The course introduces Apache Spark, its architecture, and the execution model. The course includes a short introduction to the functional programming language Scala with basic syntax, case class and collection APIs. You’ll learn how to manipulate Apache Spark’s programming model, Resilient Distributed Dataset (RDD), through its APIs for data processing, and understand how to build Spark applications with Scala. In addition to batch and iterative data processing, Apache Spark also supports stream processing, which is very important for companies to extract business insight at near real-time. The second half of the course covers stream processing capability and developing streaming applications with Apache Spark.
By the end of the course, you’ll have a good foundation in Scala language and a strong understanding of Apache Spark’s architecture, execution model and programming model. In addition, you’ll be able to manipulate RDDs through Apache Spark’s API and develop Apache Spark applications in Scala for batch, interactive and stream processing applications. You should have prior object-oriented programming experience to learn Scala and this course only offers a short introduction to Scala.
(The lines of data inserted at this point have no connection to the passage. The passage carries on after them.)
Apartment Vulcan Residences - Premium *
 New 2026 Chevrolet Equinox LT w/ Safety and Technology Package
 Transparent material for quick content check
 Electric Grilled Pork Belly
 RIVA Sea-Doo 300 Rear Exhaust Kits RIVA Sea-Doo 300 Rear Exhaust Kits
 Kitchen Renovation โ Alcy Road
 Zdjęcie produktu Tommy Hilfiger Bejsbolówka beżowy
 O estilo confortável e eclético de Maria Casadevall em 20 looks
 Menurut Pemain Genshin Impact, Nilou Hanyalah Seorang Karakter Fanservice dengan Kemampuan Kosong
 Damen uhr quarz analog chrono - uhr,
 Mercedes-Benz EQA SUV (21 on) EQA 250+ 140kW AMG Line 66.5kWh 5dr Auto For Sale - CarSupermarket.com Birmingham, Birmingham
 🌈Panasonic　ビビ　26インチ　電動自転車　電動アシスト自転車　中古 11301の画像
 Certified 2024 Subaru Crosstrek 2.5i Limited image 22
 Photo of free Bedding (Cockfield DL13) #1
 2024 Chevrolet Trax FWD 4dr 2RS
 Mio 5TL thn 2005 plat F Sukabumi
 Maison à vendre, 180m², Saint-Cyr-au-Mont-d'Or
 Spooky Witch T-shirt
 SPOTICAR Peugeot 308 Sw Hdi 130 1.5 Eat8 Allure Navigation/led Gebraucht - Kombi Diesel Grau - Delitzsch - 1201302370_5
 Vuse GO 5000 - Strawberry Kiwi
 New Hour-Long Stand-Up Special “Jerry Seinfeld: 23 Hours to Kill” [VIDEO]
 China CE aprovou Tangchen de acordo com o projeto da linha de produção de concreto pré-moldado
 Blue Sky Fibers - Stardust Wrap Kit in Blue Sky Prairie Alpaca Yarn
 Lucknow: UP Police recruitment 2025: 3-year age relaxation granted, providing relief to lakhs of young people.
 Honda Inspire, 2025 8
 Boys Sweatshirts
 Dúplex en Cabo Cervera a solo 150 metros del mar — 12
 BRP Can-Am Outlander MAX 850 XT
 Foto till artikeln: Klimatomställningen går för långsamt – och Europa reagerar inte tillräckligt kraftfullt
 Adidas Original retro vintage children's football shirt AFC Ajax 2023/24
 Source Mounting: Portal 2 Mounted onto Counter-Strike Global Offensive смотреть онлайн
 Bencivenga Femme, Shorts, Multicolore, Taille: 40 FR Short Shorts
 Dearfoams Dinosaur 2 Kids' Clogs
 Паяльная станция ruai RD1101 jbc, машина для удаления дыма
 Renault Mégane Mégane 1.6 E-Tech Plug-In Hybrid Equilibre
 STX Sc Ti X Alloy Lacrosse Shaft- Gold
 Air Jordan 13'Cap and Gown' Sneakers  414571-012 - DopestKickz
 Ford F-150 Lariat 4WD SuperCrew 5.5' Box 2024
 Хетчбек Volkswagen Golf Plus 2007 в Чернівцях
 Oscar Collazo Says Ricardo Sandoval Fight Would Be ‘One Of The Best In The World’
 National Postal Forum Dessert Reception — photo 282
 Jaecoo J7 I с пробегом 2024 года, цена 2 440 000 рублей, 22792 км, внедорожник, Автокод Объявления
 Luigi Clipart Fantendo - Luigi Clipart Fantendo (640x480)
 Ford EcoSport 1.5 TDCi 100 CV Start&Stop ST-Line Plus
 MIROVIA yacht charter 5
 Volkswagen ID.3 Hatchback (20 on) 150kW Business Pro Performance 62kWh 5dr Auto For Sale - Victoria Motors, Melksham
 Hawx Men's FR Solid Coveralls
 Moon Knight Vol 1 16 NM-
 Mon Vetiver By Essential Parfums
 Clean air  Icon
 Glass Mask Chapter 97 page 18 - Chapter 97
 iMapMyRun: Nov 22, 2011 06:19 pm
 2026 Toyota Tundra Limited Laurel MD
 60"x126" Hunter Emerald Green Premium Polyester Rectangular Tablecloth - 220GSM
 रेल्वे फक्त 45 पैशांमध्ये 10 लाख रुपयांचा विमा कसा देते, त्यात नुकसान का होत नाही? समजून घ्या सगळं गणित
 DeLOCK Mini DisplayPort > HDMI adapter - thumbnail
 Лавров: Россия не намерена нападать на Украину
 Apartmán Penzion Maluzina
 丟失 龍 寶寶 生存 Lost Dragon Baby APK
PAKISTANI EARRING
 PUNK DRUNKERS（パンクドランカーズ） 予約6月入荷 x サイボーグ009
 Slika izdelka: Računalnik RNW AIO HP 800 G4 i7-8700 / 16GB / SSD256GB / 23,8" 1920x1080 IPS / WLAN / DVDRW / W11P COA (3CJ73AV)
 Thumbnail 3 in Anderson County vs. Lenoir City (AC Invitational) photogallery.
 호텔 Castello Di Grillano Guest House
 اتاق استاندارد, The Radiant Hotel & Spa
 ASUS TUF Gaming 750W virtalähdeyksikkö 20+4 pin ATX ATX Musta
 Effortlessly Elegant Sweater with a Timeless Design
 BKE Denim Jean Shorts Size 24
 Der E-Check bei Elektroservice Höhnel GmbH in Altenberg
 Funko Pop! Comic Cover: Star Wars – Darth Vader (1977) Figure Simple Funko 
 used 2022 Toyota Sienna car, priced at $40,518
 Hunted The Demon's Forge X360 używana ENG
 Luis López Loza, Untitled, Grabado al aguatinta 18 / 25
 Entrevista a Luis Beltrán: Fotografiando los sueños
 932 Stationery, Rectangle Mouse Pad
- Big data processing ecosystem
- Introduction to Apache Spark architecture and execution model
- Introduction to Scala programming language
- Apache Spark programming model with RDD
- Data processing with Apache Spark RDD Scala APIs
- How to develop Apache Spark applications with Scala
- Introduction to streaming processing with Apache Spark
- How to develop stream processing applications with Apache Spark
Skills Needed: Programming experience with Java is required. Knowledge of Hadoop is recommended.